1. MORTALITY RATE by Andrew Elliott
Published by CB Editions; buy here.
Reviewed by Jon Stone
Mortality Rate contains an abundance
of the kind of pieces that are really half poem, half something else. The
something else in this case is seedy, surreal, almost noir-ish microfiction,
taking place at night, in cities and liminal spaces, in Europe and America.
Long, loping lines abound, sex is handled in a kind of rough, frank way, and
the same pair of female characters turn up in multiple poems, stripped to
various states. It’s a very generous volume, written mostly in a voice that
delights in taking winding detours. Highly recommended for quiet winter nights
with a whisky.
2. LOVE, AN INDEX by Rebecca Lindenberg
Reviewed by Ian Chung
Since its founding in 1998 by Dave Eggers, McSweeney’s
has grown into a publishing empire in its own right, with flagship literary
journal Timothy McSweeney’s Quarterly
Concern being joined by other titles like the monthly The Believer, food quarterly Lucky
Peach and sport journal Grantland
Quarterly. One of the publishing house’s most recent imprints is the
McSweeney’s Poetry Series, of which Rebecca Lindenberg’s Love, an Index is the first title. The collection chronicles
Lindenberg’s relationship with fellow poet Craig Arnold, who disappeared in
2009 during a solo hike in Japan. A strong debut for Lindenberg and the series,
Love, an Index embraces the elegy
form, and in poems like ‘Status Update’ and ‘Status Update (2)’, reworks it for
the Facebook generation. The standout moment of the collection, however, is the
titular sequence that occupies the middle third of the book. An alphabetical
indexing of Lindenberg and Arnold’s relationship, the poems are brutally
beautiful, ruthlessly detailing minutiae in the wake of her loss. Joining other
poetry collections about losing a partner like Douglas Dunn’s Elegies and Paul Monette’s Love Alone: 18 Elegies for Rog,
Lindenberg’s Love, an Index shows the
mind of the poet at work, transmuting personal tragedy into powerful art.

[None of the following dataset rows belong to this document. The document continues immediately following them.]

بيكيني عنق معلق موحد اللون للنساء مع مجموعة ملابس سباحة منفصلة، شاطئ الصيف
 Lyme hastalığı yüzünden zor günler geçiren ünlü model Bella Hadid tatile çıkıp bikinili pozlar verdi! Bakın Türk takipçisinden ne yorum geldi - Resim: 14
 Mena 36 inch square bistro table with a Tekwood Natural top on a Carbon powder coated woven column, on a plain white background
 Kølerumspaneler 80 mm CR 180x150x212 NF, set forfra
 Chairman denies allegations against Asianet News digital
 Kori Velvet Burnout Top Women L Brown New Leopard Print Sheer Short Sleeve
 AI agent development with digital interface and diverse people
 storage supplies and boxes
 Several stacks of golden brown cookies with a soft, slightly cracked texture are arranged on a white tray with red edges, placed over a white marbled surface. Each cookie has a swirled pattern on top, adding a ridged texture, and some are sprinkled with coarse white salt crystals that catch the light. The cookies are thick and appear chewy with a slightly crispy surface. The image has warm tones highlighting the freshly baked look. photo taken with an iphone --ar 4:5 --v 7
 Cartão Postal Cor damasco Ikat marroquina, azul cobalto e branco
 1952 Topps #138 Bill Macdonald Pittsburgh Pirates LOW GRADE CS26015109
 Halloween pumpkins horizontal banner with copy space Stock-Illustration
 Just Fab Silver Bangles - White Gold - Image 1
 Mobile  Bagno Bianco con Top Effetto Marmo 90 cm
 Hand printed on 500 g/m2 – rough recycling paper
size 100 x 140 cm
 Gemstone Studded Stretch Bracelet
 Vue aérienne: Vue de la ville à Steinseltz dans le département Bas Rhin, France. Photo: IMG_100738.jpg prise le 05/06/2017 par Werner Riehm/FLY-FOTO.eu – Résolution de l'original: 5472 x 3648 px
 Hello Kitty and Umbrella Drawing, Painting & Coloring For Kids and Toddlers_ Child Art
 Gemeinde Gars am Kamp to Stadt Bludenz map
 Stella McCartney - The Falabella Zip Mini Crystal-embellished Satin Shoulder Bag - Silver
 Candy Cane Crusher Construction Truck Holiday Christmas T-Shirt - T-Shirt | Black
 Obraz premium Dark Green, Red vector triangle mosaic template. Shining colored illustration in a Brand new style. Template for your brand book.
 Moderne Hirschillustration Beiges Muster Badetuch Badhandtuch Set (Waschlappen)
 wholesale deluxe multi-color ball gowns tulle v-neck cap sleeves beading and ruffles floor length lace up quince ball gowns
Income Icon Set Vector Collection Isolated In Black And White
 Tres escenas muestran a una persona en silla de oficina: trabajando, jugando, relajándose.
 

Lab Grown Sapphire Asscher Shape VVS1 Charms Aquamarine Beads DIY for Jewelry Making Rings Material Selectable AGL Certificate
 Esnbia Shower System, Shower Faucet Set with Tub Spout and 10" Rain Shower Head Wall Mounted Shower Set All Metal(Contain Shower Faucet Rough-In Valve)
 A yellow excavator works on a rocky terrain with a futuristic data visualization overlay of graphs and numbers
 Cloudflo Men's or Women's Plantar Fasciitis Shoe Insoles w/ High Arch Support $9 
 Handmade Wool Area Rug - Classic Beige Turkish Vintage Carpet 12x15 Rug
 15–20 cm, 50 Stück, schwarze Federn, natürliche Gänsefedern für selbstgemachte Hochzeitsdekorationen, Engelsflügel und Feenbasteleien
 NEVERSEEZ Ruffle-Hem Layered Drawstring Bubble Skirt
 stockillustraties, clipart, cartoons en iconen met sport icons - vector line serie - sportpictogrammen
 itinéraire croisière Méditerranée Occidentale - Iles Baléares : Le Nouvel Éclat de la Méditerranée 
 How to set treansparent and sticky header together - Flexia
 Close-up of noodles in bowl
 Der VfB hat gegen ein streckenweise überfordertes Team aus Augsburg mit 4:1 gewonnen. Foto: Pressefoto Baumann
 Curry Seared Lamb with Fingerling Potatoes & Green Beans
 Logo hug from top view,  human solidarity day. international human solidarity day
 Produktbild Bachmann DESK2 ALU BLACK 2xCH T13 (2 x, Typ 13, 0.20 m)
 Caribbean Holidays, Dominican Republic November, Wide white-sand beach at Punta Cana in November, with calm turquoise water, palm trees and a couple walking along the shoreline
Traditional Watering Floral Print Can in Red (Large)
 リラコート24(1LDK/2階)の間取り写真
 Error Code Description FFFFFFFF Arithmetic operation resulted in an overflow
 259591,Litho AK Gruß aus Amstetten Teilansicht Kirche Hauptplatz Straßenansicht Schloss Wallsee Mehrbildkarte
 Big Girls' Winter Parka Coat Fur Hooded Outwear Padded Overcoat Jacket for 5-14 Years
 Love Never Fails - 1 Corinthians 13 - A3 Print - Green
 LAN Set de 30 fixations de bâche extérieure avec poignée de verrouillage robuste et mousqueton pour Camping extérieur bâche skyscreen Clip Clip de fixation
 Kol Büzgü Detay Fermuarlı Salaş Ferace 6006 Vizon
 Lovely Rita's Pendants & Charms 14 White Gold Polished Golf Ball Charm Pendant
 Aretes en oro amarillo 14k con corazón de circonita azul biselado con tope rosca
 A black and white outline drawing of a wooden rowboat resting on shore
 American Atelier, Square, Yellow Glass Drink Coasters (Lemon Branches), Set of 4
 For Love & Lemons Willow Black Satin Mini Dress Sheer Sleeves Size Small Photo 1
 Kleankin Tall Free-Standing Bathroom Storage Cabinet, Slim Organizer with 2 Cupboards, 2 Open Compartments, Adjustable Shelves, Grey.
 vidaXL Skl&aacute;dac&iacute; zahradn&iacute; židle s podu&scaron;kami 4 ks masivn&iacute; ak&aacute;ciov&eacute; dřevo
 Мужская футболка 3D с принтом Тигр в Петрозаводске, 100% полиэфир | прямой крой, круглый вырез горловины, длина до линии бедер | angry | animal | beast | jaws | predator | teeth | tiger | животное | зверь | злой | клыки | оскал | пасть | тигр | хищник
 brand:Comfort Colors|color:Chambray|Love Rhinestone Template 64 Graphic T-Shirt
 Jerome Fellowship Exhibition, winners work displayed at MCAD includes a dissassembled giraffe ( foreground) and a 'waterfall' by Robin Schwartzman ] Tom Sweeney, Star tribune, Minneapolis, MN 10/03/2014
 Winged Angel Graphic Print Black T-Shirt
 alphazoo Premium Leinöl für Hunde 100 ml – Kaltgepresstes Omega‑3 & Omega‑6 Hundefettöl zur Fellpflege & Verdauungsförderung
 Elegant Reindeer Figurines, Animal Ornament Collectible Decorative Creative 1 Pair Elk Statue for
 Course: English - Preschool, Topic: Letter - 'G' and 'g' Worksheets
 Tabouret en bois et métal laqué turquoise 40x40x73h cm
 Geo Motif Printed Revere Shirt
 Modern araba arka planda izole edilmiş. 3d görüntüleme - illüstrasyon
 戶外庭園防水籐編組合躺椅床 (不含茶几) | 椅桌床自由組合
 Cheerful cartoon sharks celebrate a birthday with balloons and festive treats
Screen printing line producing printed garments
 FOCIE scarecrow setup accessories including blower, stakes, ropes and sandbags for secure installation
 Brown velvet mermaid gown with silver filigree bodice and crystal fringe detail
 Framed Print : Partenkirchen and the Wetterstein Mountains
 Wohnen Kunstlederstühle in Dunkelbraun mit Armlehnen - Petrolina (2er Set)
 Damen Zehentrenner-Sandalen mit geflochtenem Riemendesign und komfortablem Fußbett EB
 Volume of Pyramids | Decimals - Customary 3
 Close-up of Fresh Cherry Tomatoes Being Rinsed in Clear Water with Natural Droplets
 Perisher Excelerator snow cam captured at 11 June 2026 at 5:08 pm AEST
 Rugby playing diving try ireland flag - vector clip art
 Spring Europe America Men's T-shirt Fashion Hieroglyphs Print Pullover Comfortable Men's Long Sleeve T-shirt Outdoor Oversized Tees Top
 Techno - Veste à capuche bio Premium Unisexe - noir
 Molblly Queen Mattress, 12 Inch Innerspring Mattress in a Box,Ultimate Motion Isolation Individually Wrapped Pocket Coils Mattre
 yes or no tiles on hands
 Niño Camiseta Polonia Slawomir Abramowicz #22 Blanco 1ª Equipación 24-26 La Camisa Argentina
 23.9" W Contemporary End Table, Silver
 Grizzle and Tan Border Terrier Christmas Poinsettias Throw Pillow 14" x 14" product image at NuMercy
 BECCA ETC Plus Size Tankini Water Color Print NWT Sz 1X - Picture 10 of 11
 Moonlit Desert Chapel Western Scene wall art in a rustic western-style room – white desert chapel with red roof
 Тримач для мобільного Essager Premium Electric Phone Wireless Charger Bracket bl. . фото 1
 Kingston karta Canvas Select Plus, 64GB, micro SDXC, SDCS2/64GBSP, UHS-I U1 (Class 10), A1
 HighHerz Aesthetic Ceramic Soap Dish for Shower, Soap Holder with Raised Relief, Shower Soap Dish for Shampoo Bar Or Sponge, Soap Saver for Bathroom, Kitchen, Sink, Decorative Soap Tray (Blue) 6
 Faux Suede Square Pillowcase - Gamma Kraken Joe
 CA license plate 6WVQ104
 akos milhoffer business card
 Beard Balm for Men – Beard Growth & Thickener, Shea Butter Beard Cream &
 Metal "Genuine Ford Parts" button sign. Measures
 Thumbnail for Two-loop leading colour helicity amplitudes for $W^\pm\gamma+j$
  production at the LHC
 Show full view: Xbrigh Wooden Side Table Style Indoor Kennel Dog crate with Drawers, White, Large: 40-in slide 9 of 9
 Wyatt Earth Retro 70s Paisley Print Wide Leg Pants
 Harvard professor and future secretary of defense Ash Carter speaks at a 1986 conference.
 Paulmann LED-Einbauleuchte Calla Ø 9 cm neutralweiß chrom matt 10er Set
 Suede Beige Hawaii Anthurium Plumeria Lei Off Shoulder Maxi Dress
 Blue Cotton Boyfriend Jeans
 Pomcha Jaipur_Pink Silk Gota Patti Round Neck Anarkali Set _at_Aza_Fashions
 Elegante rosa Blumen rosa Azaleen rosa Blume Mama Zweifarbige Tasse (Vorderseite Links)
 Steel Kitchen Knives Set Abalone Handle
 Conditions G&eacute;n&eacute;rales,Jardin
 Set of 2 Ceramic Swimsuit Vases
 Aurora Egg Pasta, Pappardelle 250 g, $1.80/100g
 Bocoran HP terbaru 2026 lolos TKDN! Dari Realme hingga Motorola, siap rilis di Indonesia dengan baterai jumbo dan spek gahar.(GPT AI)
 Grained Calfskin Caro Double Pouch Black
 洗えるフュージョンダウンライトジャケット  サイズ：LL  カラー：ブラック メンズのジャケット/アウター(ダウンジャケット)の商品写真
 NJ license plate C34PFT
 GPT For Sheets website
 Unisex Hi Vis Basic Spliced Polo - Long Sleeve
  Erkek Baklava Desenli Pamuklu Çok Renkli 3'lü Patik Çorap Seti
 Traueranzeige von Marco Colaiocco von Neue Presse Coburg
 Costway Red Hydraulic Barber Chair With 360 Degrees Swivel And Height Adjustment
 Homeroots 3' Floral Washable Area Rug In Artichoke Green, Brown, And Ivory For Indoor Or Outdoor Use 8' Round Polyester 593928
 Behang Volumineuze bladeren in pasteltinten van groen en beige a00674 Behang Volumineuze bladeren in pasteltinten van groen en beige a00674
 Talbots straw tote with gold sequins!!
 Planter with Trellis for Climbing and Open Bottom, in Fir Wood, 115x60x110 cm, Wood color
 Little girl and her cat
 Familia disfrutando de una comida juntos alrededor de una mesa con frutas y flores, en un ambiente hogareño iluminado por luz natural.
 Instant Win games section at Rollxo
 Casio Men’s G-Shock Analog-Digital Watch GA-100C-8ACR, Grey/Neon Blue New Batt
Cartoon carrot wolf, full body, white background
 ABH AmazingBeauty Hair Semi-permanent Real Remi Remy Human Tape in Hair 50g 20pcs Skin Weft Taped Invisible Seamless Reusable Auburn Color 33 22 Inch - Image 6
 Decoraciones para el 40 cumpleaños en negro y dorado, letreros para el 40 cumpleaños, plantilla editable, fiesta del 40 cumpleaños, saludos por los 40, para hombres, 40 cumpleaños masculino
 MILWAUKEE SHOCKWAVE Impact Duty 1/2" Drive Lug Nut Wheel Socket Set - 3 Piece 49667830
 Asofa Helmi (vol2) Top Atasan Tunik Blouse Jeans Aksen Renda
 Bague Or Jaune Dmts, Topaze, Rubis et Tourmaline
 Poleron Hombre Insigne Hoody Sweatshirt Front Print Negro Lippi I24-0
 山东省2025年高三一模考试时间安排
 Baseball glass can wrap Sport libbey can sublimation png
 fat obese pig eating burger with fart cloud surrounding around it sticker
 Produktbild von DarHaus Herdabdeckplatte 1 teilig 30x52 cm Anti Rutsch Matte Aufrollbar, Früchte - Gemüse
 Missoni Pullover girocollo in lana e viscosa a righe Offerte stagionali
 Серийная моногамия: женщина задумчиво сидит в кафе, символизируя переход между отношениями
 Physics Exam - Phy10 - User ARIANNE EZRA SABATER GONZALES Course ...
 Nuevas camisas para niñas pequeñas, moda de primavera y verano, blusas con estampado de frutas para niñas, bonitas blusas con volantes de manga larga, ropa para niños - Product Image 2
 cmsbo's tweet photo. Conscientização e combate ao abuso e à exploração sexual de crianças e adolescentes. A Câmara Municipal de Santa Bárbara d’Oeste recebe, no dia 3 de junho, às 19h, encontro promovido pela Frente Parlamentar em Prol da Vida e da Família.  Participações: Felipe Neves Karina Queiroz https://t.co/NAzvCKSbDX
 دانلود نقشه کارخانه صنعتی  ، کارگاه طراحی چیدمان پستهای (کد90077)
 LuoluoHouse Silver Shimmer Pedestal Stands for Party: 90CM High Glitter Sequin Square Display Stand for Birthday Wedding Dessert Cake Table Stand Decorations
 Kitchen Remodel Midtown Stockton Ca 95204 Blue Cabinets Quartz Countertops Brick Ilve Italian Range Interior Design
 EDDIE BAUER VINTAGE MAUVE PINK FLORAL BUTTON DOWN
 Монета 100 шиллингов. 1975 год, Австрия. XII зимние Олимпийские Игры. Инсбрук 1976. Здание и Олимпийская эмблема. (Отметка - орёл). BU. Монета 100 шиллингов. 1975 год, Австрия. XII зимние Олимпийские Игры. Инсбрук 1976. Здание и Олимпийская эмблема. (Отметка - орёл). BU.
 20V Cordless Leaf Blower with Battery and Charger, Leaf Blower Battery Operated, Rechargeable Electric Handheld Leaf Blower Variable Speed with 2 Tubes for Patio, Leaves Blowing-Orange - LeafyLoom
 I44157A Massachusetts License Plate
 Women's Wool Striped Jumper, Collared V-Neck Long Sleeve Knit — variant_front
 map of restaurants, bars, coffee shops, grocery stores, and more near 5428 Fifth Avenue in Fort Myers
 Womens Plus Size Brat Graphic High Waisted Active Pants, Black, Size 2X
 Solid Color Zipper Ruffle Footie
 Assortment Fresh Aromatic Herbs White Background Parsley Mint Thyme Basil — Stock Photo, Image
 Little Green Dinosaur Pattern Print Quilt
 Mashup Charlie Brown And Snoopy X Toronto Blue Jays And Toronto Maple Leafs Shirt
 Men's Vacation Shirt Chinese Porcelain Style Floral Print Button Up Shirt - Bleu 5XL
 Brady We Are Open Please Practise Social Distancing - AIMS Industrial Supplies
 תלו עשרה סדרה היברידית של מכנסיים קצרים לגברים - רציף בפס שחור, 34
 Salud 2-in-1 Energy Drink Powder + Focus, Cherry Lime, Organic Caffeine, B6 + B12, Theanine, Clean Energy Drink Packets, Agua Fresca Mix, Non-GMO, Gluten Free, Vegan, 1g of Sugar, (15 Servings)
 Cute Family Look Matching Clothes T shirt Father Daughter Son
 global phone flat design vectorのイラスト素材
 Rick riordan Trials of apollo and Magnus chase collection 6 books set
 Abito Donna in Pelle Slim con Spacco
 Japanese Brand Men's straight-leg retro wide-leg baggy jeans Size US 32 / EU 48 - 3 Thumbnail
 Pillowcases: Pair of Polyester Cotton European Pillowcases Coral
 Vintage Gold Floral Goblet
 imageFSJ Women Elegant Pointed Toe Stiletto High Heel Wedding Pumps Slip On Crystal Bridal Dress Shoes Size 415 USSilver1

3. TREEDS: POEMS IN SHETLAND DIALECT by Laureen Johnson
Published by the Hansel Cooperative Press; buy here.
Reviewed by Harry Giles
Treeds is one of a small but rich crop of chapbooks
from Hansel Co-operative Press, a small-scale outfit publishing and promoting
writing and art of Orkney and Shetland. Printed on good thick stock and
gorgeously hand-finished, the chapbook is pocket-sized but big-hearted. The
writing is vernacular Shetlandic – not a synthetic Scots, but a language very
much alive and rooted in place and culture. The fine glossary is a neat guide
to those new to the language, though not burdensome or pedantic, making the
poems an excellent route into Shetlandic for those willing to put in some small
effort.
The poems cover family and livelihood, land and water; the
title piece (meaning “threads”) describes a weaving together of place and
person into a poetics of sense and feeling. The unrhymed lines advance in
breaths, matching the everyday language used; the sense is of being given
stories and wisdom honed by time and wind, though never is this hoary or
slight. The tone is as much humorous as delicate, and often very sad in its
simplicity – as in Gynae Ward:
“Nae
prenk, damned little pent,
nae
comouflage,
Here da
oppenin bud, da faded leaf,
da
prunin shears.”
Pamphlet publishing is a source of diversity in contemporary
poetry, and local presses a way to meet outlying poetics on their own terms. Treeds
is a long way – in style and language – from what you're likely to find in more
urban-centred anthologies and magazines, and so, along with Hansel's wider
output, demands your attention for its particular music and beauty.